How shall I understand this deep binding example in Python?

2018-06-18 02:51:15

From Programming Language Pragmatics by Scott,

在这里输入图像描述

Figure 3.14 Deep binding in Python. At right is a conceptual view of the run-time stack. Referencing environments captured in closures are shown as dashed boxes and arrows. When B is called via formal parameter P, two instances of I exist. Because the closure for P was created in the initial invocation of A , B's static link (solid arrow) points to the frame of that earlier invocation. B uses that invocation's instance of I in its print statement, and the output is a 1.

The catch is that a running program may have more than one instance of an object that is declared within a recursive subroutine. A closure in a language with static scoping captures the current instance of every object, at the time the closure is created. When the closure's subroutine is called, it will ﬁnd these captured instances, even if newer instances have subsequently been created by recursive calls.

So basically, the quote tries to explain that the following program (which is the same as the one in the screenshot) prints out 1 :

def A(I, P):
    def B():
        print(I)
    # body of A:
    if I > 1:
        P()
    else:
        A(2, B)

def C():
    pass # do nothing

A(1, C) # main program

I don't quite understand the reason being "because the closure for P was created in the initial invocation of A, B's static link (solid arrow) points to the frame of that earlier invocation", and "When the closure's subroutine is called, it will ﬁnd these captured instances". So I modify the example, and then the new example prints out 2 instead of 1 :

def A(I, P):
    def B():
        print(I)
    if I > 2:
        P()
    elif I > 1:
        A(3, B)
    else:
        A(2, B)

def C():
    pass

A(1, C)

Another modified example prints 1 :

def A(I, P):
    def B():
        print(I)
    if I > 2:
        P()
    elif I > 1:
        A(3, P)
    else:
        A(2, B)

def C():
    pass

A(1, C)

So how can I know which closure matters?

Generally, is a closure created whenever a function is passed as an argument to another function?

Thanks.

This has become too long for a comment, hence I am adding it as an answer.

I should say that I am answering this from the perspective of someone who learned about these ideas in other languages: I mostly write Python now, but it's possible my terminology is 'wrong' (for which read 'right, but latter-day languages like Python got it wrong'...).
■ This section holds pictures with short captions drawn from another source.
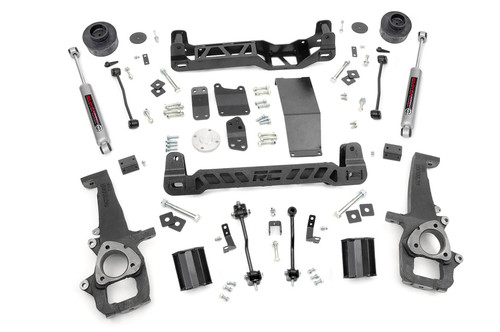 Rough Country - 4 Inch Lift Kit - Ram 1500 4WD (2009-2011) - 32830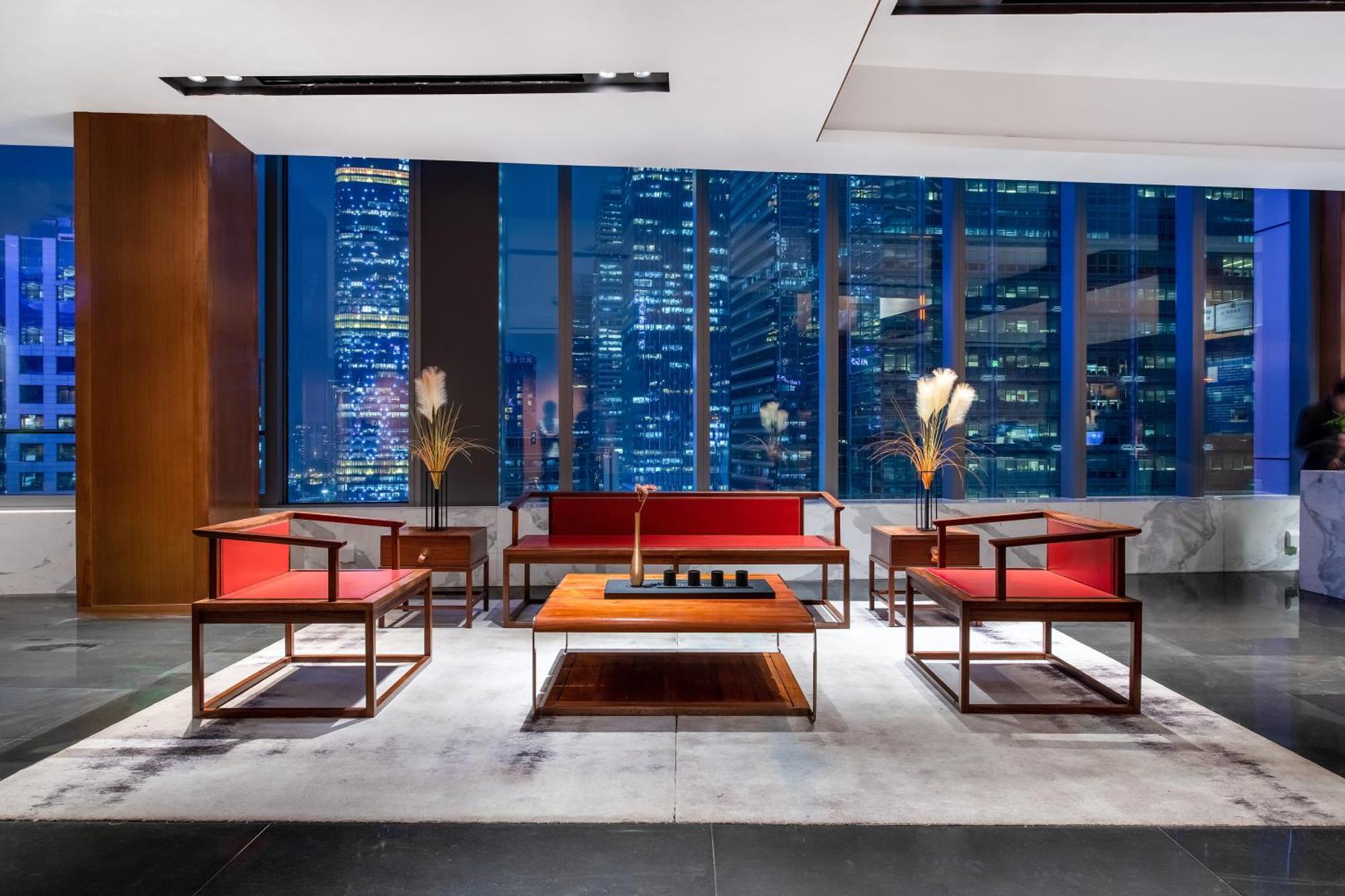 Holiday Inn Guangzhou Zhujiang New Town By Ihg Exterior foto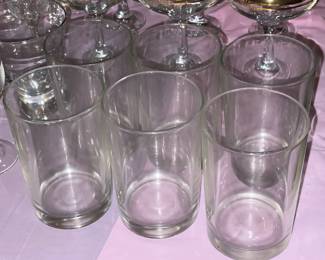 Clear Glassware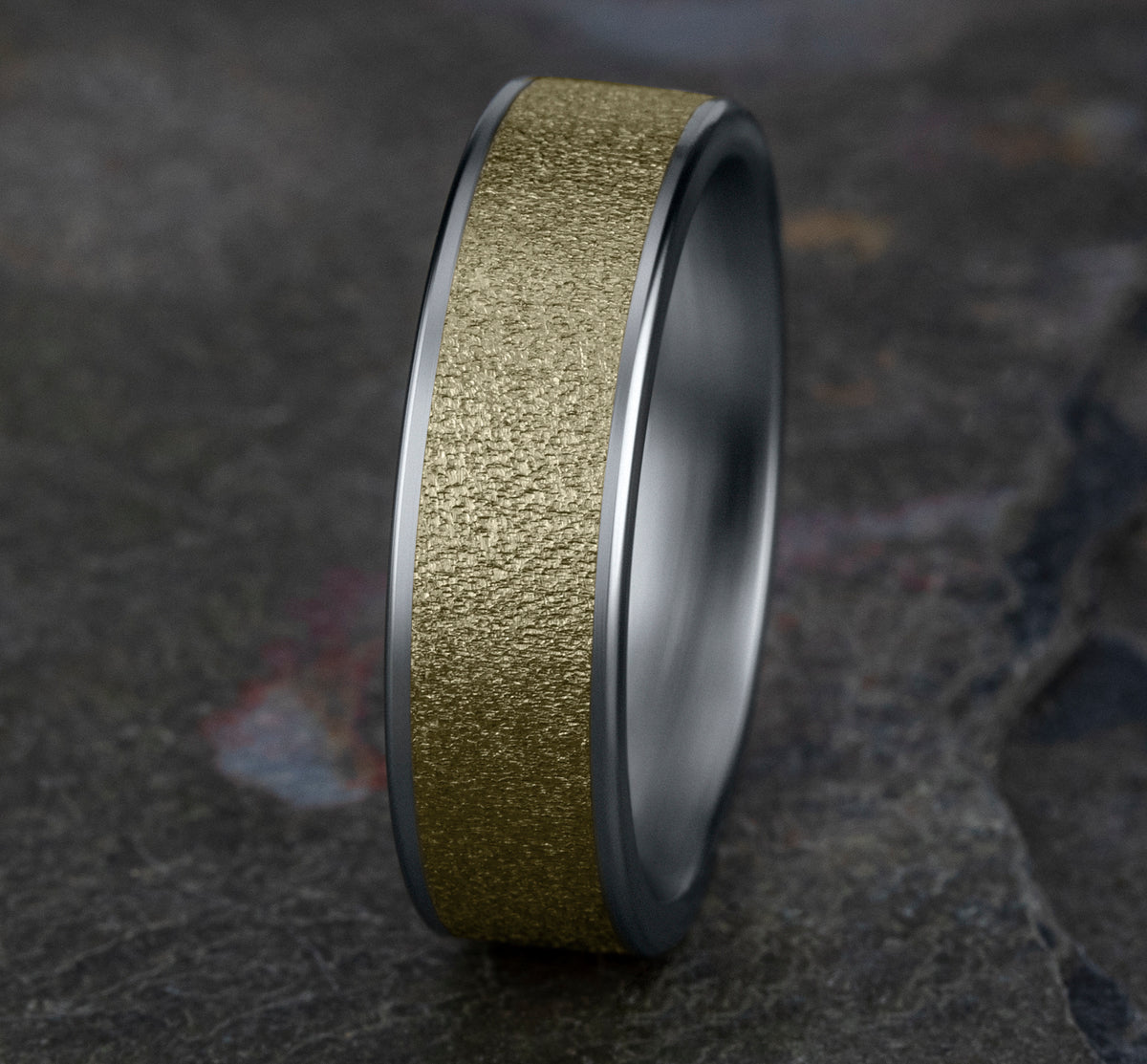 THE SERGEANT - 14K White / Yellow Gold - image 4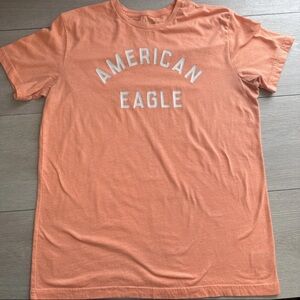 American Eagle Outfitters Peach Short Sleeve Tee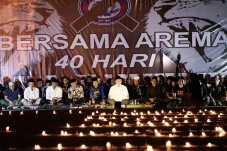Peringati 40 Hari Tragedi...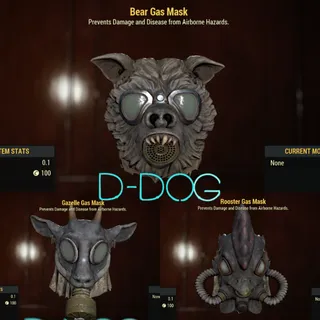 Gas Mask Bundle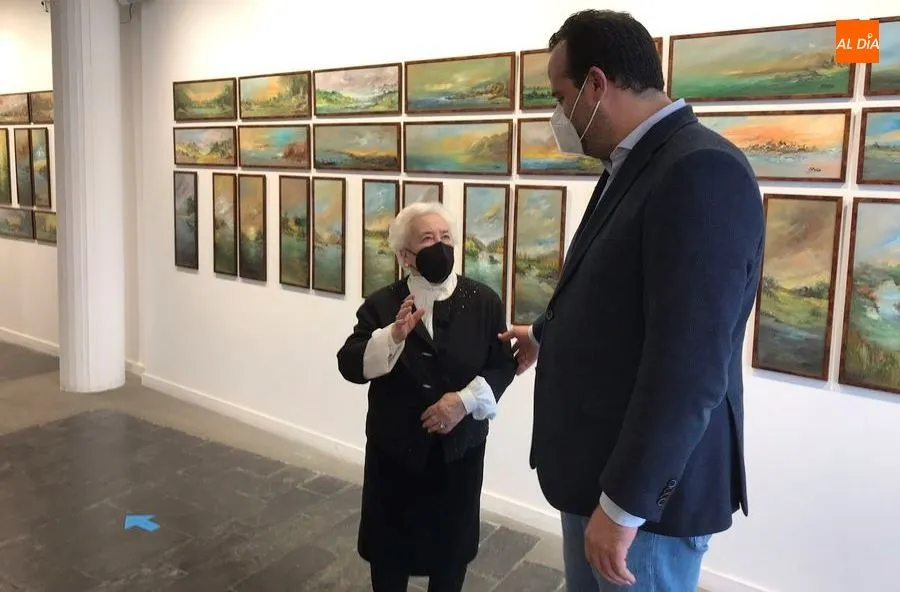 Foto 3 - Los maravillosos paisajes de Carmen Pe&ntilde;a llegan a la sala de La Salina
In particular I have intentionally skated over a bunch of Python-specific detail, and avoided dealing with things like like the mutability of bindings and the Python 3 nonlocal hack).
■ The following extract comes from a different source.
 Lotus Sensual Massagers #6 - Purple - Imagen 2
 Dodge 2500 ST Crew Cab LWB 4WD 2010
I also think the book's usage of the term 'deep binding' is confusing and perhaps wrong: see the end for a note on this. I have therefore largely ignored it.
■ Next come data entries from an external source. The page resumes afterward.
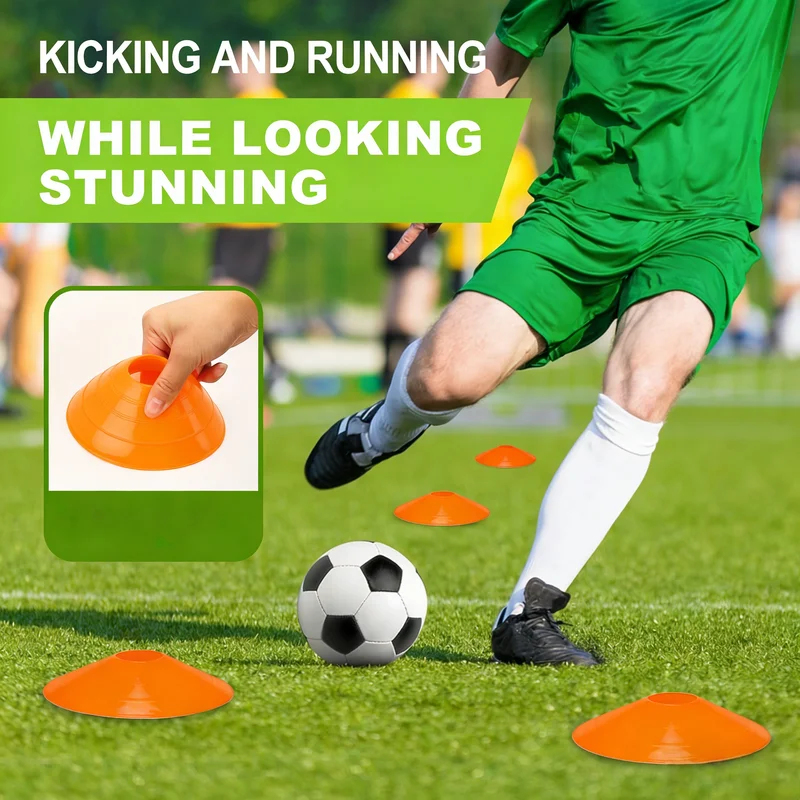 30 Pack   football training pl - Football Training Cone recension och pris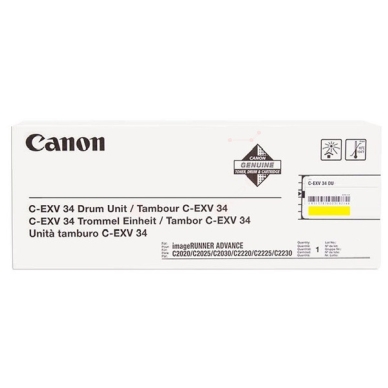 Canon Rumpu värijauheen siirtoon keltainen, 36.000 sivua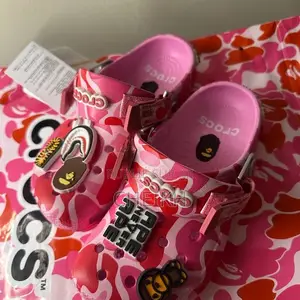 Crocs Bape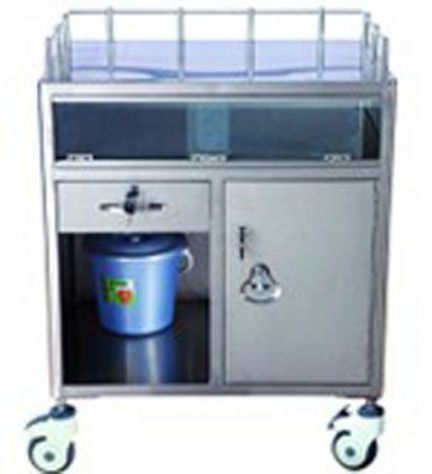 點擊查看詳細信息<br>標題：[B014]不銹鋼半封閉麻醉車 閱讀次數：1223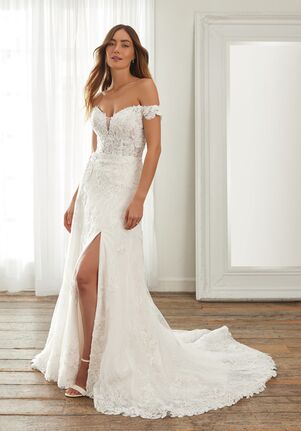 Adrianna Papell Platinum 31230 A-Line Wedding Dress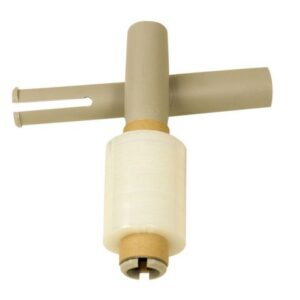Sträckfilmshållare mini 10cm beige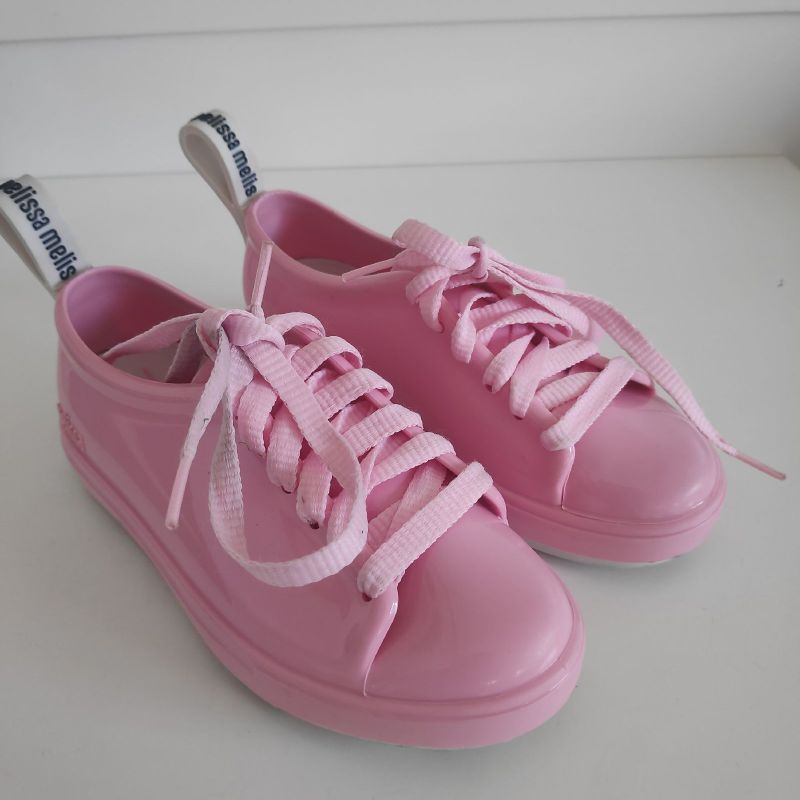 Tenis melissa be sales rosa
Bindings, scope and extent

There are three important concepts.

A binding is the association between a name and something it denotes. The most common kind of binding is a variable binding which associates a variable name with a value: there are other kinds (for instance the bindings between exception classes and handlers for them established by try: ... except: ... constructs) but I'll only talk about variable bindings.

The scope of a binding is the region of the code it is accessible in.

The extent of a binding is how long it is accessible for.

There are several options for scope and extent. For variable bindings, Python has:

lexical scope, which means that a binding is accessible only to code for which it is visible in the source code;

and indefinite extent, which means that a binding exists as long as there is any possibility of reference.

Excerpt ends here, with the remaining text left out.